Active clinical trials for "Albuminuria"

This study is designed to assess the efficacy of the different dosage forms of Valsartan[80, 160, and 320 mg] in reducing microalbuminuria/proteinuria in hypertensive patients with type 2 diabetes.

The purpose of this study is to determine whether eplerenone is more effective than doubling the dose of ACE inhibitor in reducing urinary protein (albumin) loss in diabetes mellitus

This clinical study is being conducted at multiple sites to determine the activity, safety and tolerability of XL784 when given daily to patients with albuminuria due to diabetic nephropathy. XL784 is a small molecule reno-protective metalloproteinase inhibitor, inhibiting both ADAMs (including ADAM10, a target of significant interest because of its important role in blood vessel formation and cell proliferation, and ADAM17/TACE, activation of which has been associated with renal deterioration) and MMPs (including MMP-2 and MMP-9). XL784 was specifically optimized to be MMP-1 sparing, which may be clinically significant because inhibition of MMP-1 has been hypothesized to be associated with musculoskeletal toxicity.

Prospective, randomized, double-blind, placebo controlled, 12-week, multicenter study. The objective of the study is to evaluate the efficacy and safety of once daily administration of atrasentan tablets compared to placebo in reducing residual albuminuria in Japanese Type 2 diabetic patients with nephropathy who are treated with the maximum tolerated labeled dose for hypertension of a RAS (renin angiotensin system) inhibitor.

Type 2 diabetes mellitus is usually associated with high blood pressure, which is a risk factor for kidney disease. Aggressive blood pressure reduction is an important strategy to protect the kidney and reduce urinary protein which develops with kidney disease. This study will evaluate the effects of amlodipine/benazepril in reducing blood pressure and urinary protein in hypertensive subjects with type 2 diabetes mellitus.

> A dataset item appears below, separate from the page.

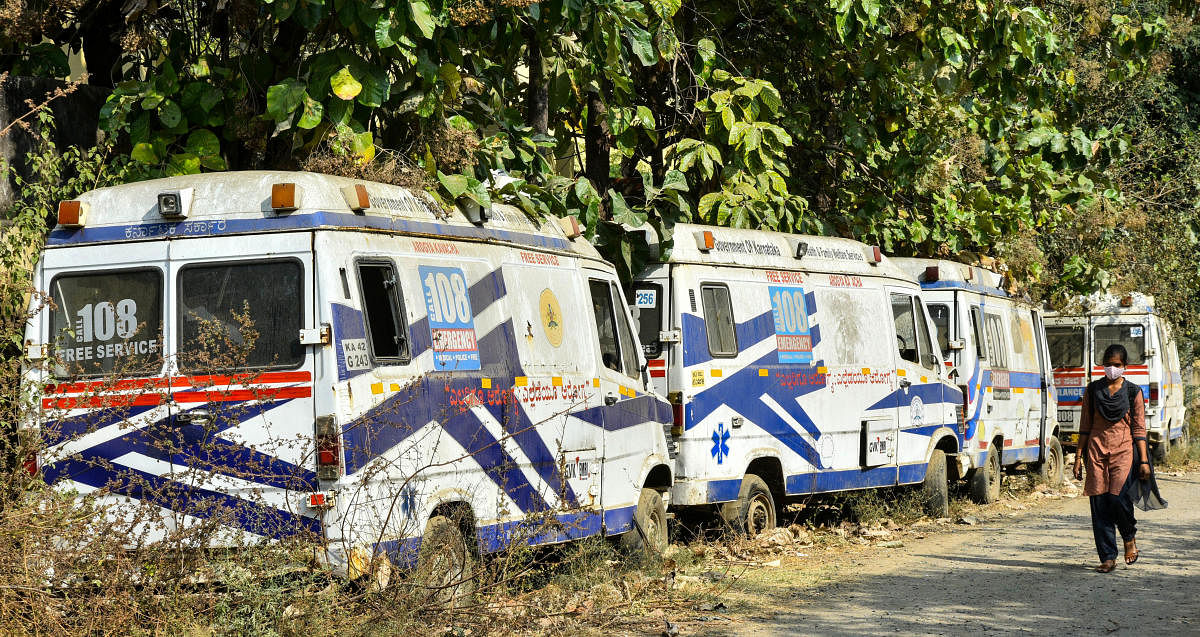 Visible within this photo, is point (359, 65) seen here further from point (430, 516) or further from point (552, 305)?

It is estimated that approximately 30% of patients with diabetes develop diabetic nephropathy. Diabetic nephropathy is a multifactorial progressive disease that occurs through various mechanisms such as hyperglycemia, oxidative stress, inflammation and fibrosis, control or blocking these mechanisms are therefore potential therapeutical targets for this entity. Current treatment options are based on the glycemic control, blood pressure control, as well as the use of medications such as angiotensin-converting enzyme inhibitors and Angiotensin II receptor antagonists, these actions are not enough to stop progression. Pirfenidone is a drug with antifibrotic, antioxidant, and anti-inflammatory properties. Although the specific mechanism is unknown, pirfenidone interferes with the expression, secretion and the effect of the β (TGF-β) transforming growth factor. The investigators plan to carry out a controlled clinical study to evaluate the effect of pirfenidone in patients with type 2 diabetes and nephropathy. The period of time the treatment will be administered will be of 12 months, 62 patients will be included. The primary outcome will be improvement in glomerular filtration rate. The secondary outcomes will be number of patients requiring replacement therapy, 24 hour urine microalbuminuria and change in the concentration of TGF - β. Change in these parameters will be evaluated at the end of the treatment period (12 months). Throughout the study the incidence of adverse events will be recorded, wich will allow us to learn about the safety and security of the drug in this population.

To examine antihypertensive effect and safety of administration of CS-3150 in combination with ARB or ACE inhibitor in hypertensive patients with type 2 diabetes and albuminuria.

The purpose of this study is to evaluate pharmacodynamics, safety, tolerability and pharmacokinetics of MT-3995 in Type II Diabetic Nephropathy Subjects with Albuminuria

NADPH oxidase enzymes (NOX) have been implicated in the development of several diabetic complications including diabetic nephropathy. GKT137831 is the first in class NOX1/4 inhibitor. The primary objective of this study is to evaluate the efficacy of oral GKT137831 in patients with residual albuminuria despite maximal inhibition of the renin angiotensin aldosterone system.

The study 'Safety and Efficacy of Paricalcitol for Reduction of Proteinuria in Kidney Transplant Recipients' is designed to assess the effects of paricalcitol in kidney transplant recipients with proteinuria. It is a single centre, randomized, placebo-controlled, double-blind clinical trial that tests the hypothesis that 24 weeks' treatment with paricalcitol compared to placebo will result in a decrease in urinary protein excretion in recipients of a kidney transplant at least three months after transplantation. Additionally, the effects of paricalcitol on albuminuria, estimated glomerular filtration rate, and blood pressure will be investigated.